Es gab Zeiten, da fehlte die Kraft, sich abzugrenzen vom Außen. Den Blick nach innen zu richten. Sich zu fragen: Schaffe ich das noch?
Eine dunkle Wolke zog bei ihm ein. Sie ließ sich nur schwer vertreiben. Nahm besonders dann viel Raum ein, wenn die Maske aufgesetzt werden musste: Performen. Liefern. Lächeln. Funktionieren. Erwartungen erfüllen. Das Leben wurde zum Marathon – ein Rennen gegen sich selbst, aber auch gegen die Angst zu versagen. Nicht genug getan zu haben. Für die Welt. Für die anderen. Für sich.
Thierry wollte sich daran erinnern, dass es normal ist, Fehler zu machen. Mensch zu sein – mit all den Nuancen, all den Gefühlen. Dass Verletzlichkeit keine Schwäche ist, sondern eine Stärke, die geschützt werden darf.
Er zog sich zurück. Ging auf Reisen. Suchte nach Antworten auf Fragen, für die ihm das Leben lange keine Zeit gelassen hatte. Lernte Menschen kennen, die ihn roh sahen: Ohne Erwartung. Ohne Urteil. Ohne Projektion.
Marrakech. Elfenbeinküste. Nigeria. Paris. Die Welt hörte nicht dort auf, wo seine Glaubenssätze Mauern gezogen hatten. Dahinter war mehr. Er wollte es herausfinden. Spüren. Sich selbst verzeihen – den anderen auch. Niemand ist perfekt. Wir alle sind für inneres Wachstum geschaffen. Niemals stehen bleiben. Den Horizont erweitern.

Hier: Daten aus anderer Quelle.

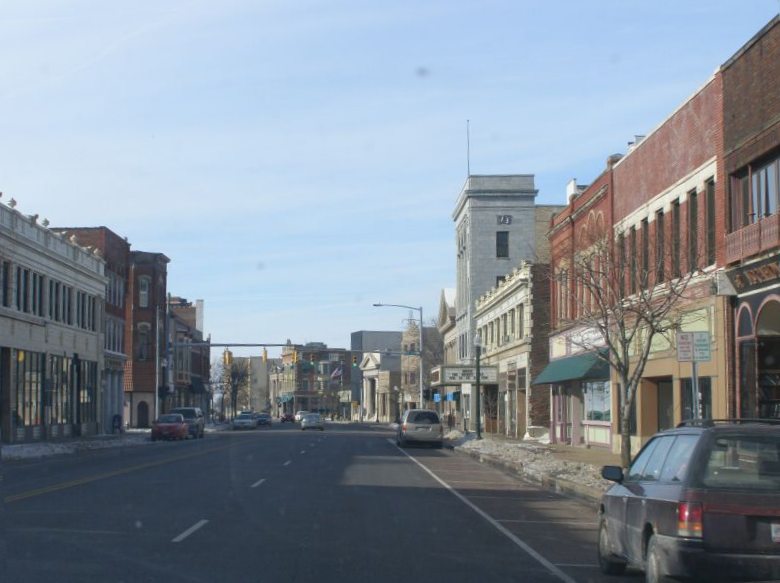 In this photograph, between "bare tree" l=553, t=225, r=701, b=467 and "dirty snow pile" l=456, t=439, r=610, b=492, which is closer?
"bare tree" l=553, t=225, r=701, b=467

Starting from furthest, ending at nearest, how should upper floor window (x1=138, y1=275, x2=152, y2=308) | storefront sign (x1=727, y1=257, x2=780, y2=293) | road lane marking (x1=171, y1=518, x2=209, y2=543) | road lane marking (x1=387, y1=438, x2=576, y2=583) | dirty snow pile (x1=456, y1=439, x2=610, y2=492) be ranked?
upper floor window (x1=138, y1=275, x2=152, y2=308)
dirty snow pile (x1=456, y1=439, x2=610, y2=492)
storefront sign (x1=727, y1=257, x2=780, y2=293)
road lane marking (x1=171, y1=518, x2=209, y2=543)
road lane marking (x1=387, y1=438, x2=576, y2=583)

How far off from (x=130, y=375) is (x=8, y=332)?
35479mm

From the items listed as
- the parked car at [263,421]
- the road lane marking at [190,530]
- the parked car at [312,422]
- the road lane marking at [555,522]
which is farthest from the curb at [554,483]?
the parked car at [263,421]

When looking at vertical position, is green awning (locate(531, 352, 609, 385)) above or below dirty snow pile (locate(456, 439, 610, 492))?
above

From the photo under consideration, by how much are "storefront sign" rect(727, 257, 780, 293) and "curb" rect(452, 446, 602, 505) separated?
19.6 ft

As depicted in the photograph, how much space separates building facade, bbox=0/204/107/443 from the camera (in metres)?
48.8

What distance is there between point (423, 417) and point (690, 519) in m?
38.5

Die Melodie in seinem Ohr wurde wieder lauter. Frischer. Sie wollte hinaus. Die Worte legten sich wie von selbst aufs Papier. Das Studio wurde zum Ort, an dem Brücken gebaut und Mauern gesprengt wurden. Neue Lieder entstanden. Thierry hörte sie – immer und immer wieder.

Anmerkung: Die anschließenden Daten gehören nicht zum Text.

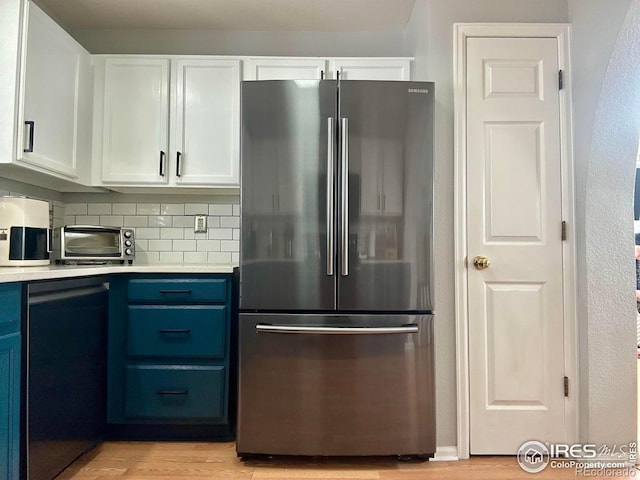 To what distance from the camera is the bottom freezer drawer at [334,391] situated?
1.94 m

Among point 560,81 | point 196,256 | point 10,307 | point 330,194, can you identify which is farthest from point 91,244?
point 560,81

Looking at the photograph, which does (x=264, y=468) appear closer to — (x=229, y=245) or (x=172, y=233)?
(x=229, y=245)

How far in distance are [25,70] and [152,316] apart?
4.15 feet

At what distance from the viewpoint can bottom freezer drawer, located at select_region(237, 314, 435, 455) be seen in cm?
194

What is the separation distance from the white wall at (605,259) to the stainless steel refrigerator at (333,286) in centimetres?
75

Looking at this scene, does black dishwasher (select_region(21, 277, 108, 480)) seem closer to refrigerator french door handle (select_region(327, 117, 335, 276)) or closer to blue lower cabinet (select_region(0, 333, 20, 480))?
blue lower cabinet (select_region(0, 333, 20, 480))

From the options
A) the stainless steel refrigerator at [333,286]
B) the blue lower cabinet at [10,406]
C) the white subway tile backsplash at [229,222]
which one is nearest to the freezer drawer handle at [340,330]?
the stainless steel refrigerator at [333,286]

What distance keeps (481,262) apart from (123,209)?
2187mm

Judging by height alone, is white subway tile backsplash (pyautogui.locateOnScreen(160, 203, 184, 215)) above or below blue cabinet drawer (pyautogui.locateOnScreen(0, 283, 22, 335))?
above

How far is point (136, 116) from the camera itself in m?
2.49

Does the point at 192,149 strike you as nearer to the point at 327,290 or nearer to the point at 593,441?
the point at 327,290

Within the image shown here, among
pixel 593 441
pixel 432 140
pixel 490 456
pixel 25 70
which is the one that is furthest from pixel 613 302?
pixel 25 70

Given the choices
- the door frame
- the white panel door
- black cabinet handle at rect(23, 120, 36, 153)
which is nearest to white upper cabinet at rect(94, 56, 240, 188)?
black cabinet handle at rect(23, 120, 36, 153)

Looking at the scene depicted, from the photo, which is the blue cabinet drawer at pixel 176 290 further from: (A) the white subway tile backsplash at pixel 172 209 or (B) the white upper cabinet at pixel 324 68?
(B) the white upper cabinet at pixel 324 68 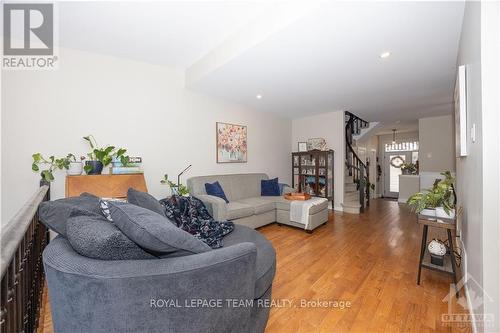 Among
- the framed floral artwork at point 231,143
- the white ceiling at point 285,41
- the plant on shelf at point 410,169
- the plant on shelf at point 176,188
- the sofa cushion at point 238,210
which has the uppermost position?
the white ceiling at point 285,41

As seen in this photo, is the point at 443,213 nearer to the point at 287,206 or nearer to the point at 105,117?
the point at 287,206

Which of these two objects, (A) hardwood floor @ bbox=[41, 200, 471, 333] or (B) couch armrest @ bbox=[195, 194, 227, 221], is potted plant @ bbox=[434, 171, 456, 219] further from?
(B) couch armrest @ bbox=[195, 194, 227, 221]

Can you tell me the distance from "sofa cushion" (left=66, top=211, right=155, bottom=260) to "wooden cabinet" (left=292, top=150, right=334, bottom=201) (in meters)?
4.59

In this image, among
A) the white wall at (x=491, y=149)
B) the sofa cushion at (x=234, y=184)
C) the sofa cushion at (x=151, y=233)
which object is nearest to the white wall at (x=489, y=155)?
the white wall at (x=491, y=149)

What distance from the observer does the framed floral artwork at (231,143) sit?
4.11 metres

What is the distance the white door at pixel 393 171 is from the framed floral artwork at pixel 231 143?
599cm

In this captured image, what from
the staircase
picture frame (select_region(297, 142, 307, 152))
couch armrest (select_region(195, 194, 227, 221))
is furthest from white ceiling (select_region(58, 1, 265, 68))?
the staircase

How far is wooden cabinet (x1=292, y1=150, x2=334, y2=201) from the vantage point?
16.1 feet

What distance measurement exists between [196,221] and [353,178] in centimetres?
484

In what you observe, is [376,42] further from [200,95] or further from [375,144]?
[375,144]

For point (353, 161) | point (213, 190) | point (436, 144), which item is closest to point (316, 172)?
point (353, 161)

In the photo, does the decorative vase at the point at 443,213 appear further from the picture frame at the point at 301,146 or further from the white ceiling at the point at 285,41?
the picture frame at the point at 301,146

Als er im Flugzeug saß, auf dem Rückflug von Nigeria, schlief er ein. In seinen Ohren: sein eigenes Album. Bilder tauchten auf – vom Markt in Lagos, wo ihn seine Begleiter umringten, die Hand an der Waffe, bereit, ihn zu schützen. Vor Kriminellen. Vor Angriffen. Er dachte an den Sonnenuntergang am Strand, an den salzigen Duft der Luft, die seine Lungen reinigte.
Die Songs plätscherten vor sich hin, wickelten ihn in einen wohligen Schlaf. Plötzlich spürte er eine Hand auf seiner Schulter.
„Wach auf. Wir sind da. Wir sind zu Hause“, sagte eine fremde Person.
Thierry öffnete die Augen. Sah, wie das Flugzeug den Boden berührte. Der letzte Song auf seinem Album verklang, und verabschiedete sich mit einem einzigen Wort: Reset.